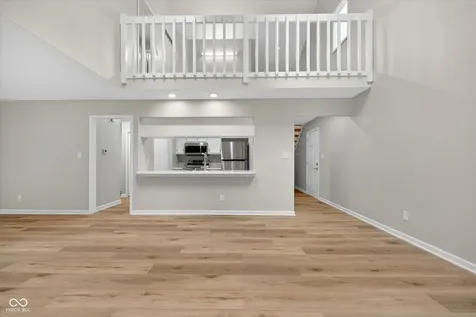 8163 Frisco Way Indianapolis IN 46240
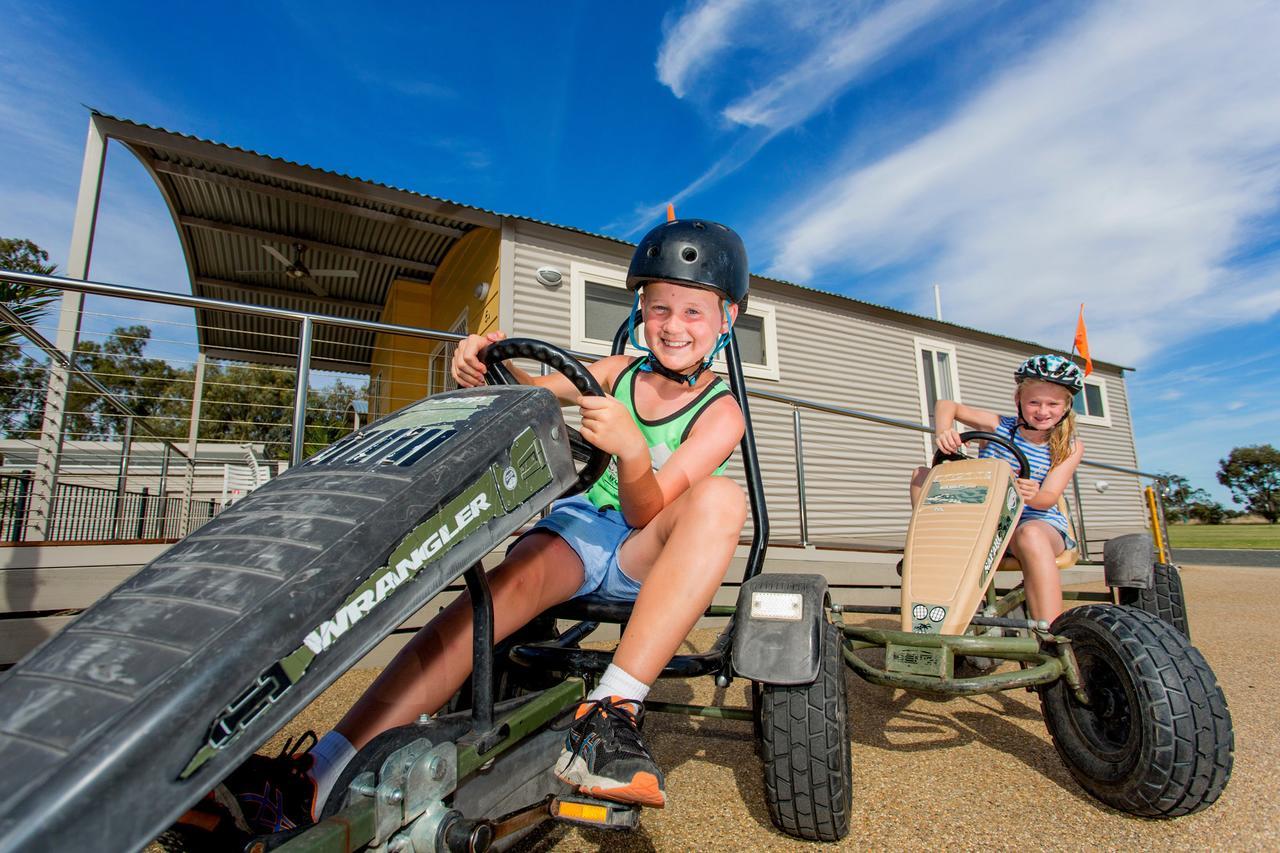 Big4 Deniliquin Holiday Park Ngoại thất bức ảnh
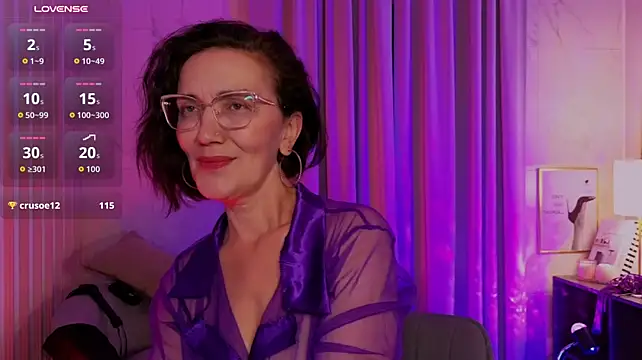 Irene_Marlow - Can i do handbra for you ?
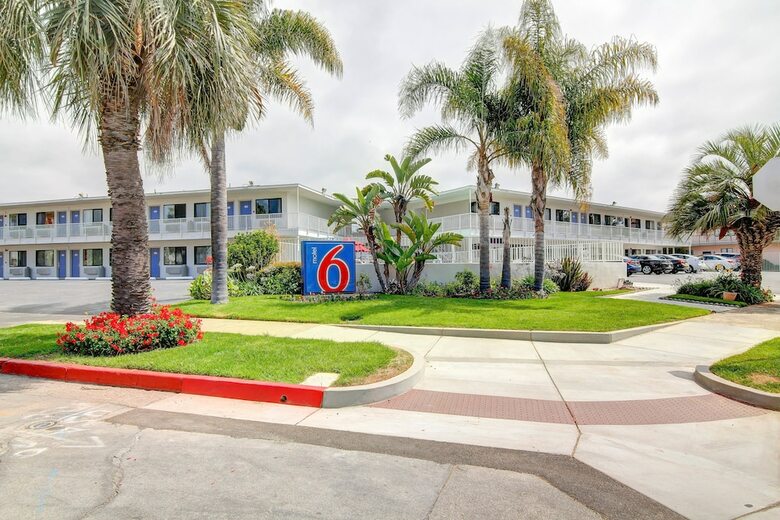 Motel 6 Santa Barbara - Beach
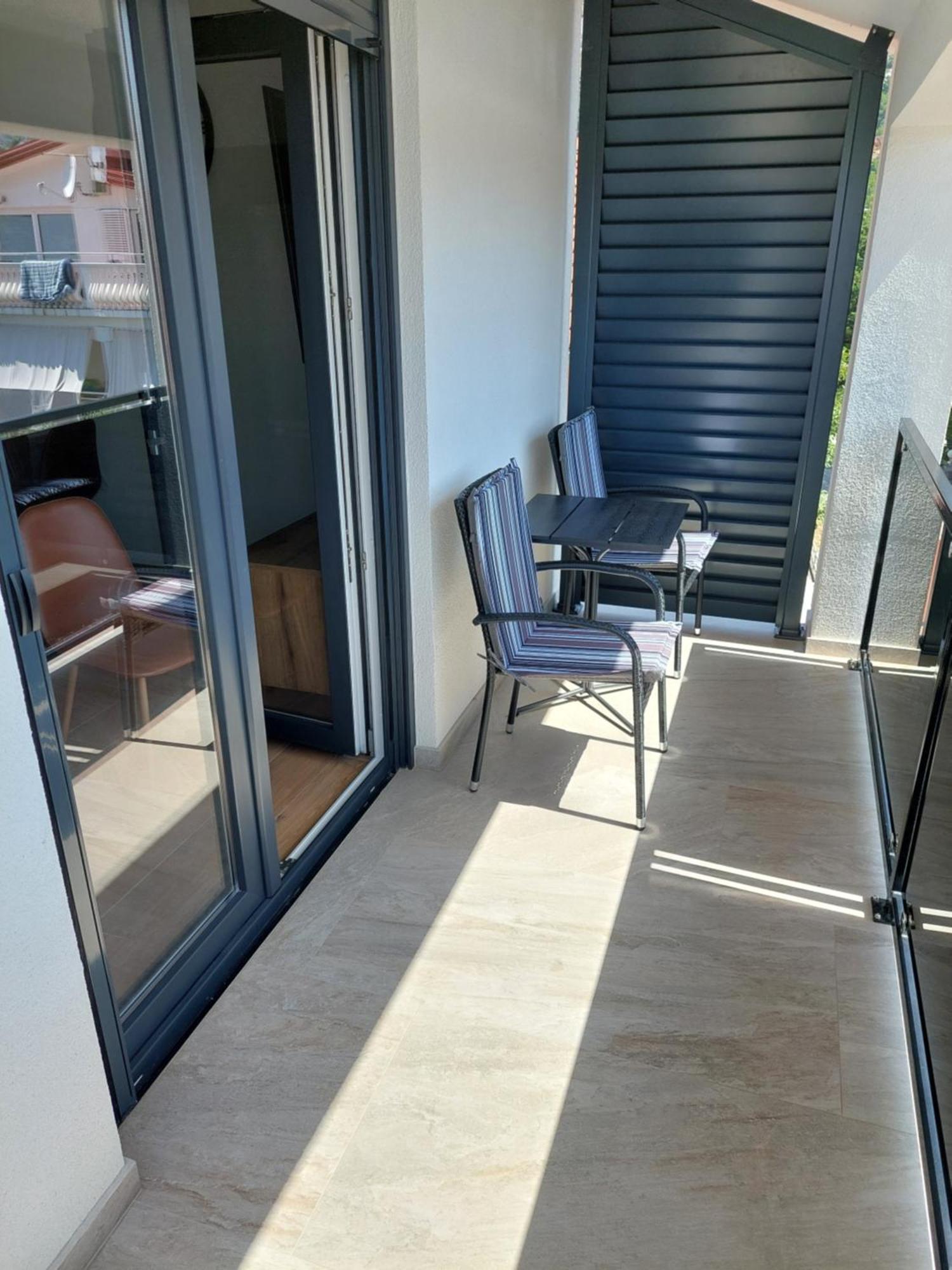 Apartmani Karla Paklenica สตารีกราด-ปาเคลนีซา ภายนอก รูปภาพ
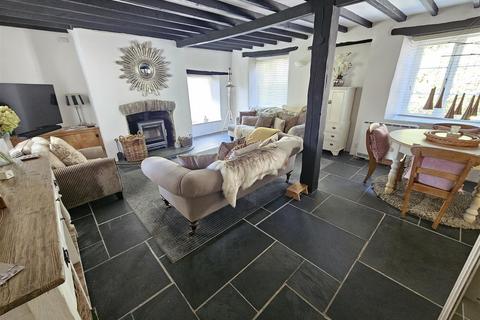 4 bedroom cottage for sale, Milton Combe, Yelverton
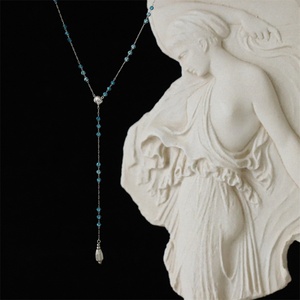 Colliers longs à pampilles en acier inoxydable avec pendentif coquillage et cristal bleu pour femmes, vente en gros - Product Image 2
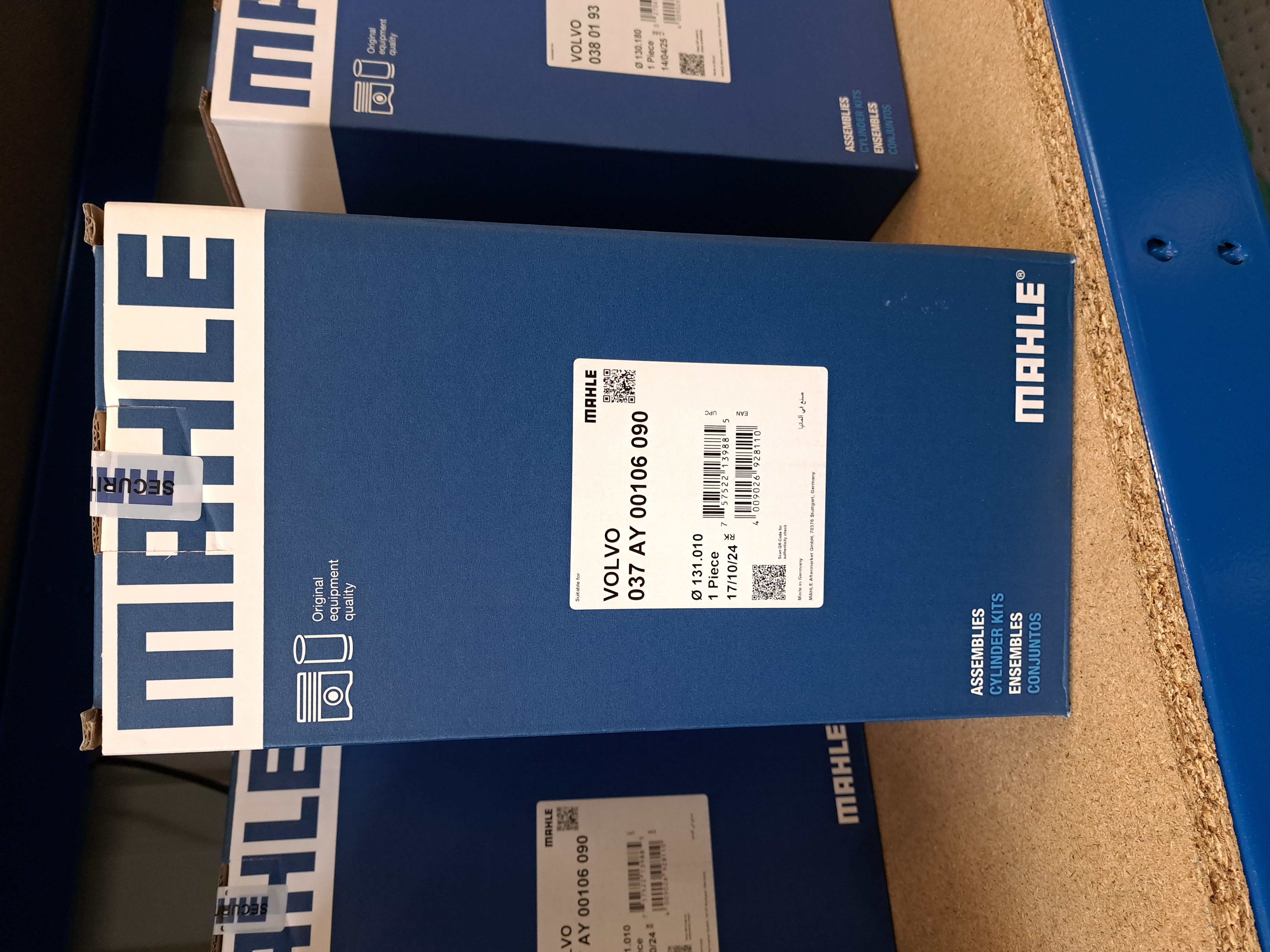 Cylinder liner kit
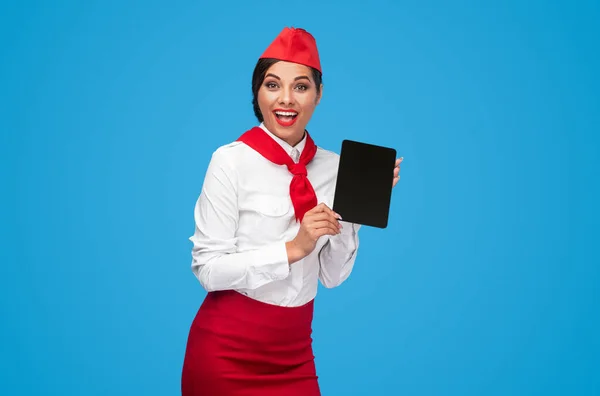 Весёлая стюардесса рекламирует приложение авиакомпании — стоковое фото
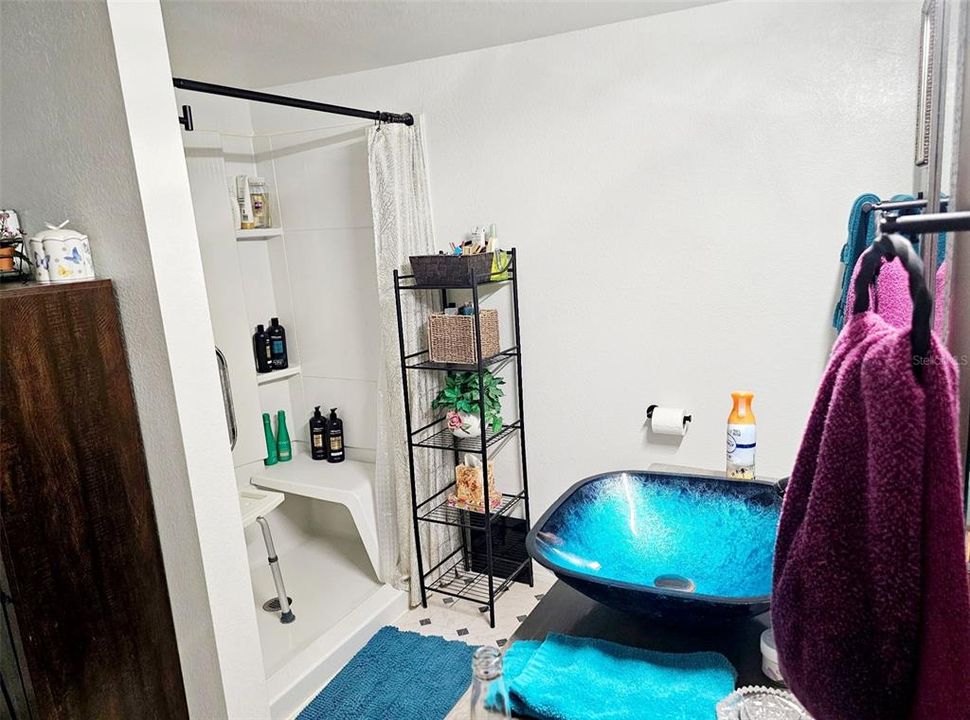 For Sale: $77,000 (1 beds, 1 baths, 460 Square Feet)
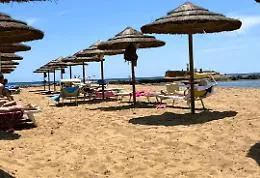 Isola delle Correnti, sul lido Scialai il Cga pu&ograve; attendere: rinviata l'udienza per "aspettare" il tribunale del Riesame
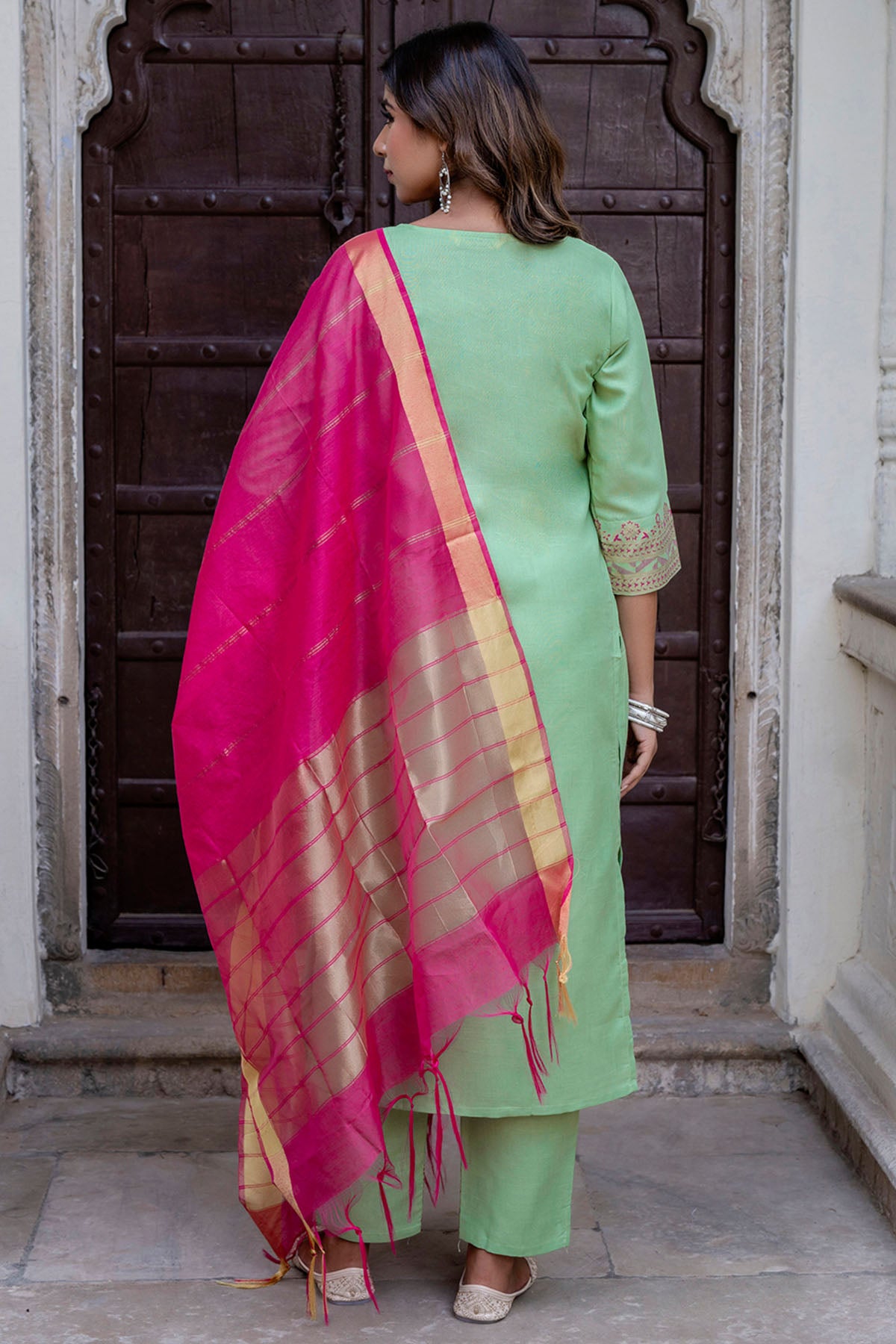 Pista Round Neck Yoke Kurta Set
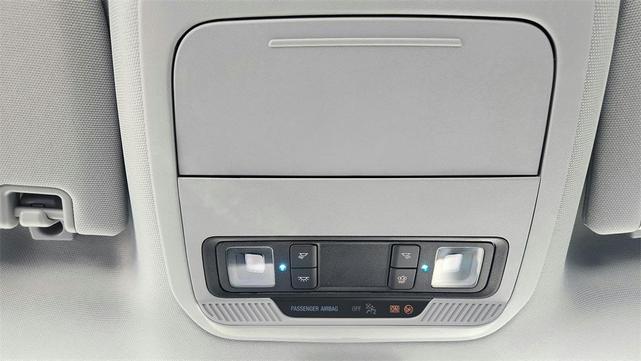 Photo of 2025 Oxford White Ford F-350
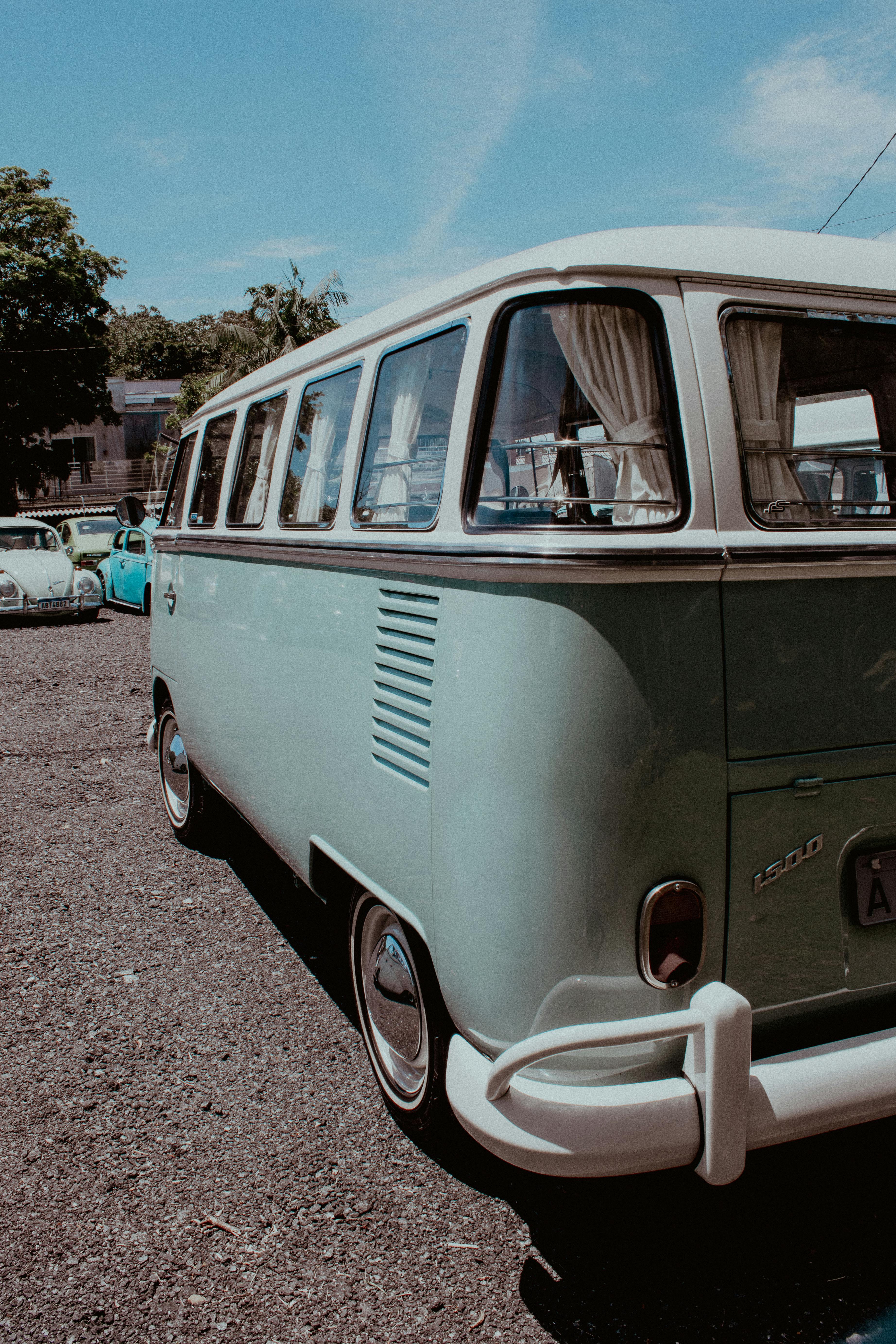 ingyenes Retro Volkswagen kisbusz parkolt a szabadban Santa Catarinában, Brazíliában, egy napsütéses napon. Stockfotó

+ + + + + + +

_Work request_
What is wanted is an exact copy of the lines above from the one containing "4 bedroom cottage" through the one containing "Весёлая стюардесса рекламирует", with no pictures in it.

_Output of the exercise_
 4 bedroom cottage for sale, Milton Combe, Yelverton
 Colliers longs à pampilles en acier inoxydable avec pendentif coquillage et cristal bleu pour femmes, vente en gros - Product Image 2
 Cylinder liner kit
 Весёлая стюардесса рекламирует приложение авиакомпании — стоковое фото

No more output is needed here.